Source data

Content starts

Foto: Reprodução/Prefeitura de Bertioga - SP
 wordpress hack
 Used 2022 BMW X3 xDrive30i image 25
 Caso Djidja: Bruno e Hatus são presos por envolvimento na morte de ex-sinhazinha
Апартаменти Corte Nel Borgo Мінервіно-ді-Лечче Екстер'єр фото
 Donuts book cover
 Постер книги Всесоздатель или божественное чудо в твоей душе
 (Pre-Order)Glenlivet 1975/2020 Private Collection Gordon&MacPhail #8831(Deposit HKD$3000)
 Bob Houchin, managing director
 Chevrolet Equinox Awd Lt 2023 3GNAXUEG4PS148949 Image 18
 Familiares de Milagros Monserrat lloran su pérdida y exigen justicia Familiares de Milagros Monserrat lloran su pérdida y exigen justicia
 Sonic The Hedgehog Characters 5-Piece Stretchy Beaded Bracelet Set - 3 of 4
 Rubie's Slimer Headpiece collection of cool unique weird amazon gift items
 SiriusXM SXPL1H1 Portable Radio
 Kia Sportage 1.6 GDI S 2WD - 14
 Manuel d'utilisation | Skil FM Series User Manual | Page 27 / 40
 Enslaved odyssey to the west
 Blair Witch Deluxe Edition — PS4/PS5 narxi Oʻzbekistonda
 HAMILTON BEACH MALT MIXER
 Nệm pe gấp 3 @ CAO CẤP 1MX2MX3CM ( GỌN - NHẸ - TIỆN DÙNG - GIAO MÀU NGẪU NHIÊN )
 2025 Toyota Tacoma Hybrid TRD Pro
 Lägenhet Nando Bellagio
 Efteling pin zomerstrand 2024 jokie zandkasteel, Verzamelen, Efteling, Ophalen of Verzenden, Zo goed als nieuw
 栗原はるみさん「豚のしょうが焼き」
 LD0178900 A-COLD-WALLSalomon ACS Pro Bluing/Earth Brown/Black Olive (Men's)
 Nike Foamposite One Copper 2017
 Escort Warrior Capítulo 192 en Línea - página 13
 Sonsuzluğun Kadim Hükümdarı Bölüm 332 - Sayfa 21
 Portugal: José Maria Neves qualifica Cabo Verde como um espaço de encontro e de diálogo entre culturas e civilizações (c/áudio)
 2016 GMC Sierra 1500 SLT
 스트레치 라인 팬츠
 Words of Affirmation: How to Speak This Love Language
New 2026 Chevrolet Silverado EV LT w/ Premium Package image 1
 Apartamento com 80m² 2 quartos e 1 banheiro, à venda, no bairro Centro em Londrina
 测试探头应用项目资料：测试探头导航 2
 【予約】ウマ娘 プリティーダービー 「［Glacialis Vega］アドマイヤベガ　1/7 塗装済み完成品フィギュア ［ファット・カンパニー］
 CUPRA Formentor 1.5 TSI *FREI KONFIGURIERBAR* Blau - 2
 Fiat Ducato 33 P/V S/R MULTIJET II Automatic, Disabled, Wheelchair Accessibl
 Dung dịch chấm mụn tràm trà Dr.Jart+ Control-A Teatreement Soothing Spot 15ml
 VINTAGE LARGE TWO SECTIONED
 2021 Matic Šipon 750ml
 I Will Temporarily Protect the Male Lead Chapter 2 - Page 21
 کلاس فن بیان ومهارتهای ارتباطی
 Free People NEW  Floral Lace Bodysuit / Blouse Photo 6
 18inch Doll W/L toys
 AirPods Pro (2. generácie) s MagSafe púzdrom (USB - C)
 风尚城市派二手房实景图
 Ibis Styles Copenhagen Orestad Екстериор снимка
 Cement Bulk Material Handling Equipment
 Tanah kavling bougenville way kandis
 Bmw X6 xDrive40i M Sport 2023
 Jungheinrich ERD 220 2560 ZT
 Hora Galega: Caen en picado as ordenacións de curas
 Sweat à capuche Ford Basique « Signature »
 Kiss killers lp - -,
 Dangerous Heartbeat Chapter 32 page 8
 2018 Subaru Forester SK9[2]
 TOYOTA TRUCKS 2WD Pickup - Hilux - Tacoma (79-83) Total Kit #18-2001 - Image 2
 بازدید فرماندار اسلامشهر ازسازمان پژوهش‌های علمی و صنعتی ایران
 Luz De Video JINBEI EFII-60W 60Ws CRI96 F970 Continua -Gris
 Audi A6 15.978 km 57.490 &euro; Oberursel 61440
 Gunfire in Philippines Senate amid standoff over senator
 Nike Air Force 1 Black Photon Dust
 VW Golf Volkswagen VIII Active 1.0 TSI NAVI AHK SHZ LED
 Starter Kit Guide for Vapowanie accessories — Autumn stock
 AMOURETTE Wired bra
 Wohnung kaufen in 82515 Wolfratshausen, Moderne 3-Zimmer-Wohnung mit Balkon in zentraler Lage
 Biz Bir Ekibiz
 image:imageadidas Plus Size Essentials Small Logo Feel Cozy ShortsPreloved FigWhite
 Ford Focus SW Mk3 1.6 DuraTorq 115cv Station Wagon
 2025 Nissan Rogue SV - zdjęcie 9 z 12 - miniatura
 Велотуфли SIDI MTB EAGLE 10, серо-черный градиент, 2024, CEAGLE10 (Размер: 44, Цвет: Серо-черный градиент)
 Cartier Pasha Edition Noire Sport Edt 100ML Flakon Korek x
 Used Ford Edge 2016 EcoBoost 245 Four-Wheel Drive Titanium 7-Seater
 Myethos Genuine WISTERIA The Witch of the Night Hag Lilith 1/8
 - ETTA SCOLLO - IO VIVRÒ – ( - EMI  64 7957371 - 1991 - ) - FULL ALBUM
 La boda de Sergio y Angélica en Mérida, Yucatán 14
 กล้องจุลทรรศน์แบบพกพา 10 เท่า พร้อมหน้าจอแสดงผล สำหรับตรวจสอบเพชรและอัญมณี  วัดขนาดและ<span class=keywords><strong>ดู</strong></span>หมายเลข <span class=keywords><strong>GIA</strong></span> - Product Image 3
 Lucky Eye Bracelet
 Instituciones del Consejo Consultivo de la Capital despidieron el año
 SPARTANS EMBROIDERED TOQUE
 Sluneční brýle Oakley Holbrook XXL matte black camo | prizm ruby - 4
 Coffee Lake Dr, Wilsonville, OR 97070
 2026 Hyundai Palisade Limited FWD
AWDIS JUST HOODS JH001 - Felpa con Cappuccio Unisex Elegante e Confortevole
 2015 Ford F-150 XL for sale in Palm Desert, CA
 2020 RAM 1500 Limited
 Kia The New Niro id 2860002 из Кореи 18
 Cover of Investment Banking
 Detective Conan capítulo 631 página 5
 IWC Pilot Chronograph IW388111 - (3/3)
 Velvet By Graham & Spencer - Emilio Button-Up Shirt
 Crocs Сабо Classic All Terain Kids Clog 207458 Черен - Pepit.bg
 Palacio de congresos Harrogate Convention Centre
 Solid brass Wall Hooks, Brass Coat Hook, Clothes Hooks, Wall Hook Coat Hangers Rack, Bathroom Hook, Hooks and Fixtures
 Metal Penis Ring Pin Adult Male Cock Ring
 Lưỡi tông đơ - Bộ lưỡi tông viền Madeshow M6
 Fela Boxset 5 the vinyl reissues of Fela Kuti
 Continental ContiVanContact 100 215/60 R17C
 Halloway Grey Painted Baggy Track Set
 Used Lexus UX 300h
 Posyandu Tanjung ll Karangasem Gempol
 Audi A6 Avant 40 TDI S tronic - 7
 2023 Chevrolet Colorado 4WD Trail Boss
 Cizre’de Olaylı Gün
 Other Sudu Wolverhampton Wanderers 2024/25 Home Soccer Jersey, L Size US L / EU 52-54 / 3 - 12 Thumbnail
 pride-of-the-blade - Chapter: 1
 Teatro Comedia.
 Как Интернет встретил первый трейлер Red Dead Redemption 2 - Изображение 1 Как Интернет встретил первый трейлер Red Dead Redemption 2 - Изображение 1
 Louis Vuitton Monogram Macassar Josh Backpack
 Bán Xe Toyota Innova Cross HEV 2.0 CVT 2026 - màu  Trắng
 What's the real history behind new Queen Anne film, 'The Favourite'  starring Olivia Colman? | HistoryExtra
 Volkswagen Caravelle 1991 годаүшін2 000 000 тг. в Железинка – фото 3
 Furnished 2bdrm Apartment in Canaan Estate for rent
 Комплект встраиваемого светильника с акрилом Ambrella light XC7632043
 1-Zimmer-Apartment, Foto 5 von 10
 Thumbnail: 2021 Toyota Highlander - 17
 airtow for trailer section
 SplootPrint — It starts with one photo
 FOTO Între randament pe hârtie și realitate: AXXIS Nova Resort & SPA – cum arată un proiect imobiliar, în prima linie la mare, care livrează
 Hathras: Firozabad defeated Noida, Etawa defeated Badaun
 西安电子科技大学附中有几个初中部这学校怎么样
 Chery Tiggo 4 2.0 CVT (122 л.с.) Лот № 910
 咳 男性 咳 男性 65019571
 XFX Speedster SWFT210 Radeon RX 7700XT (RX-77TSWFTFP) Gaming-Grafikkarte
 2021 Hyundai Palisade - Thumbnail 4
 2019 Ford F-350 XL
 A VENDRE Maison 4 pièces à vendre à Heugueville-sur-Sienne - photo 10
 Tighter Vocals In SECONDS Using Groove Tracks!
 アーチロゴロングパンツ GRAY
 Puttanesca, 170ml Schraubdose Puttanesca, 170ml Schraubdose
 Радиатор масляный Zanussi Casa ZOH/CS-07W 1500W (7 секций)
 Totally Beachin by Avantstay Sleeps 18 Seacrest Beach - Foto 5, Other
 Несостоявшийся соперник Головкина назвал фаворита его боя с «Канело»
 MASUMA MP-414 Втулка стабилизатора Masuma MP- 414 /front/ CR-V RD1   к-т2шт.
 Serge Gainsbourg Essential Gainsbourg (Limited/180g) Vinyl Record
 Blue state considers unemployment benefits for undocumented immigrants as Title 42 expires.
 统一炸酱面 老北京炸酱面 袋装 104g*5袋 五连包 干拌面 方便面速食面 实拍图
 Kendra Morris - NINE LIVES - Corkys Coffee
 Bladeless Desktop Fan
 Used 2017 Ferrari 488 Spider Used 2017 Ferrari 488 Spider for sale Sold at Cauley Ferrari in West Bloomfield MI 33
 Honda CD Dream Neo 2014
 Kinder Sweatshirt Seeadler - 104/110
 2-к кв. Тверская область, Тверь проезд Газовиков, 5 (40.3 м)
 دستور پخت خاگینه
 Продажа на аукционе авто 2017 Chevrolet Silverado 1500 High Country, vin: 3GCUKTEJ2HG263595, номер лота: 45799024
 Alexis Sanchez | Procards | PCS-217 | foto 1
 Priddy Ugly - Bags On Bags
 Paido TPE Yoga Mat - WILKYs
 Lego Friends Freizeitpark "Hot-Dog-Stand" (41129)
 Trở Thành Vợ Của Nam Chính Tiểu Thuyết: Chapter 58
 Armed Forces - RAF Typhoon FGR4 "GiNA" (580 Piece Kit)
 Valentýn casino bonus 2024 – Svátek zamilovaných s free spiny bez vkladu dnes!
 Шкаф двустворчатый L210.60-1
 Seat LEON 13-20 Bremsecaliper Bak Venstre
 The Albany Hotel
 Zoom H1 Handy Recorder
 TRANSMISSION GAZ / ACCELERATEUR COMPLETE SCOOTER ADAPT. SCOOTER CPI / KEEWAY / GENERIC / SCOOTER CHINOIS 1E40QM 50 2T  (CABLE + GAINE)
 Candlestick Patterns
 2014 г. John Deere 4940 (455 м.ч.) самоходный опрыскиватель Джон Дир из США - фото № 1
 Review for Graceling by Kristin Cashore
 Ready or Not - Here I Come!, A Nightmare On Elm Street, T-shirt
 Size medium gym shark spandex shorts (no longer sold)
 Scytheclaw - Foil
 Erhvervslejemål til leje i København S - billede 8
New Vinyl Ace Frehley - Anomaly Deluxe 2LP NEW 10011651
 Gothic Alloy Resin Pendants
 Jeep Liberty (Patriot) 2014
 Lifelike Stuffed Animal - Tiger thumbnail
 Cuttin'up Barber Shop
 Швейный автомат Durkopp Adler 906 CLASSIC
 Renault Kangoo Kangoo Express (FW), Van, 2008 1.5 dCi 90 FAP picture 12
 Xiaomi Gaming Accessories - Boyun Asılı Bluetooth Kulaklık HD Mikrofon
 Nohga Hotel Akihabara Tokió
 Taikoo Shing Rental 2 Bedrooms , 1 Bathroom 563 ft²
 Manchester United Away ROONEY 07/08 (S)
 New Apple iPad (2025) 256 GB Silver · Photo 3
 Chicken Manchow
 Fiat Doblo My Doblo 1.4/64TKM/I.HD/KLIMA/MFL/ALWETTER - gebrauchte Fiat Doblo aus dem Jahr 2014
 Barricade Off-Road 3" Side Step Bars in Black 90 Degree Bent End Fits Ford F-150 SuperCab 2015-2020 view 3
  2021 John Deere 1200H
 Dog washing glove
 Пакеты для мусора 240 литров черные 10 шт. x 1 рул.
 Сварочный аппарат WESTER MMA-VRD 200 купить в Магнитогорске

Content ends

◆ **Problem description**:
Please give back, exactly as it stands above, the stretch from the line with "Furnished 2bdrm Apartment" through the line with "SplootPrint — It starts with one photo", and no line outside it.

◆ **Problem solution**:
 Furnished 2bdrm Apartment in Canaan Estate for rent
 Комплект встраиваемого светильника с акрилом Ambrella light XC7632043
 1-Zimmer-Apartment, Foto 5 von 10
 Thumbnail: 2021 Toyota Highlander - 17
 airtow for trailer section
 SplootPrint — It starts with one photo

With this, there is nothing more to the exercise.